— Record excerpts —
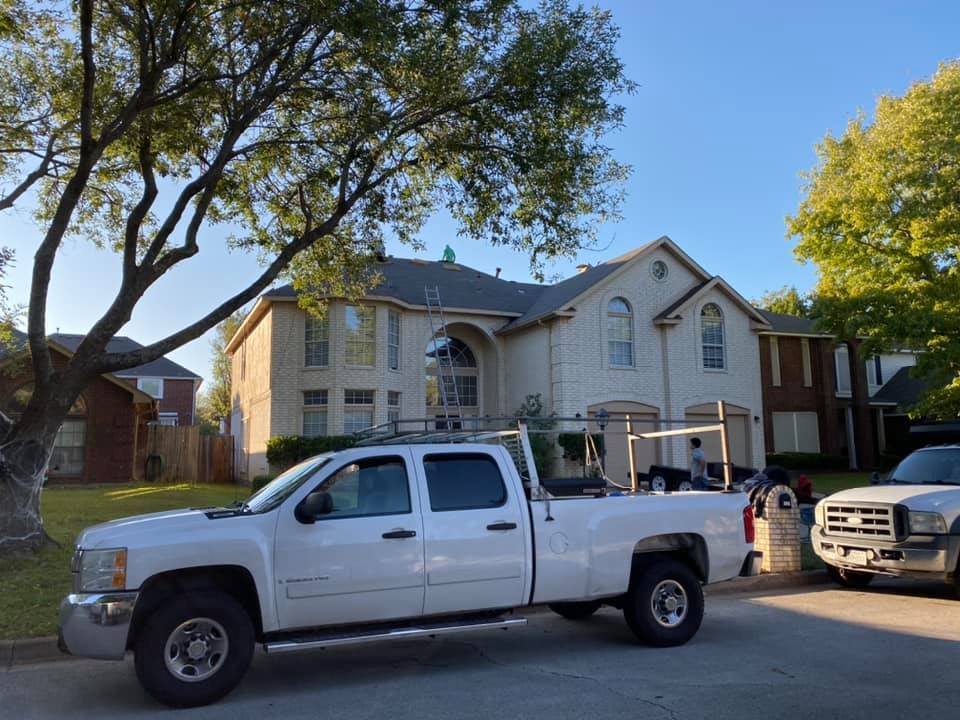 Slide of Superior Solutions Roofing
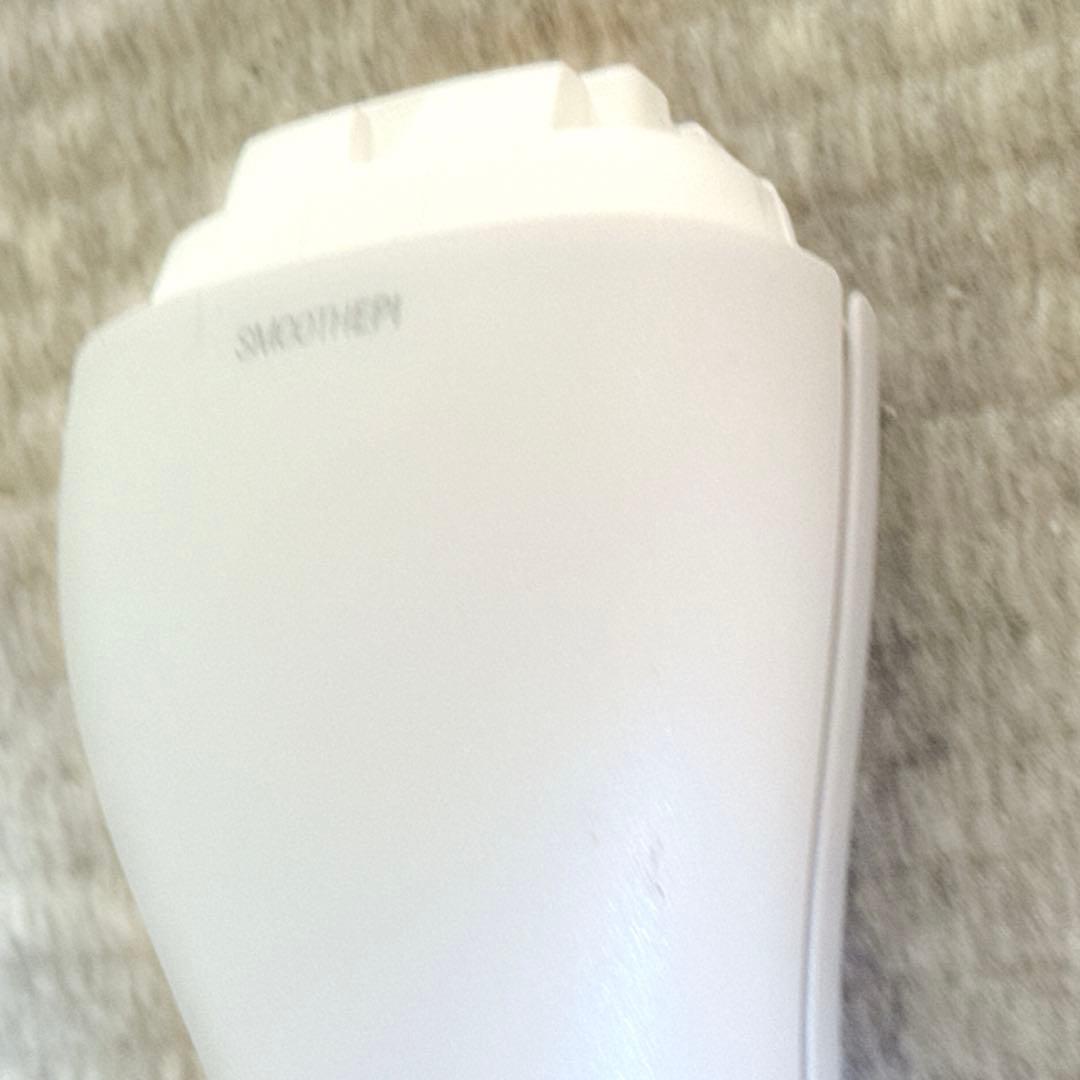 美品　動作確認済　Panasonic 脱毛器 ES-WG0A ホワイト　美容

---

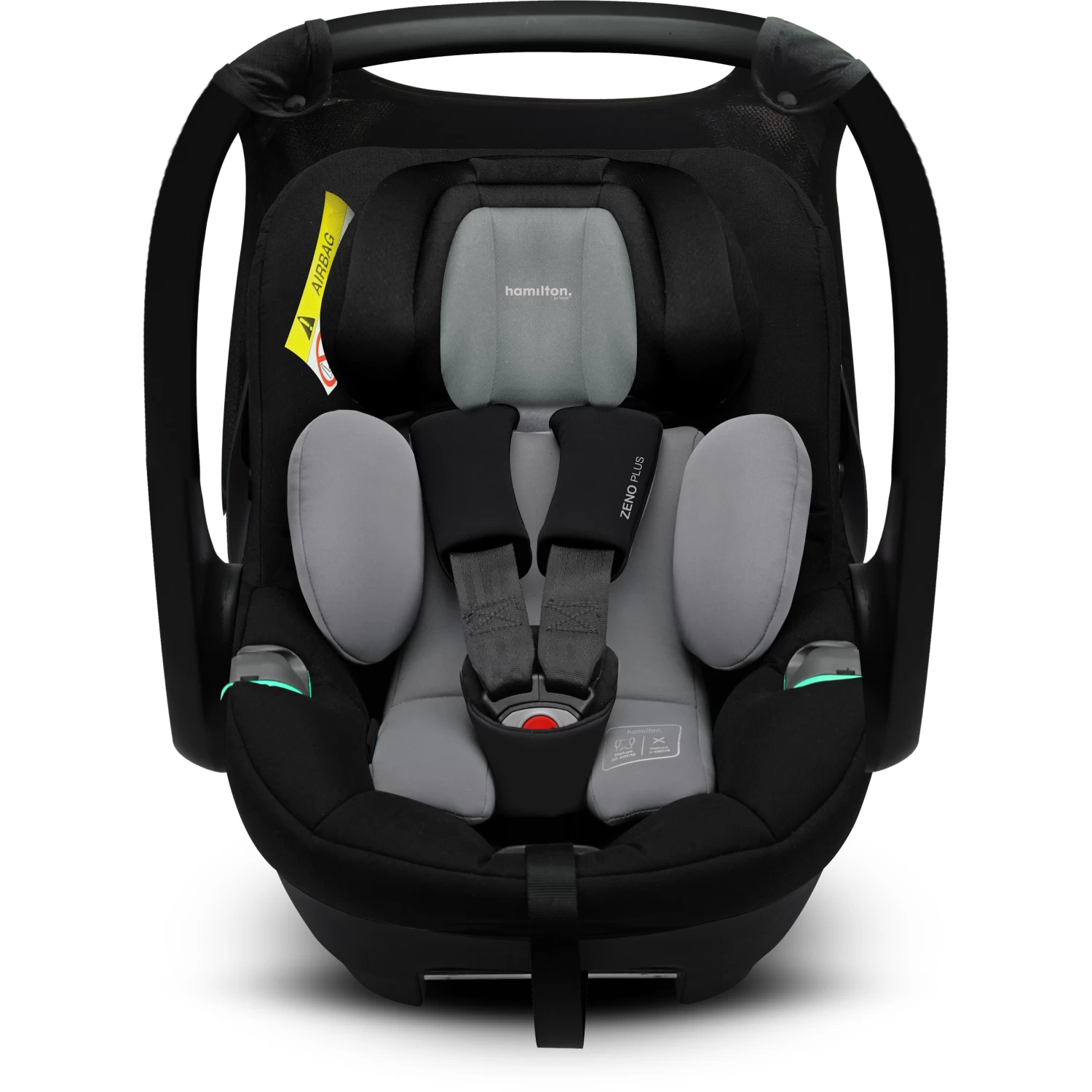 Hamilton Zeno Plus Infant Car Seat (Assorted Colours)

— What is required —
Repeat the lines above exactly, beginning with the one containing "Slide of Superior Solutions Roofing" and finishing with the one containing "美品　動作確認済　Panasonic 脱毛器 ES-WG0A ホワイト　美容". No pictures belong in the copy.

— Result below —
 Slide of Superior Solutions Roofing
 美品　動作確認済　Panasonic 脱毛器 ES-WG0A ホワイト　美容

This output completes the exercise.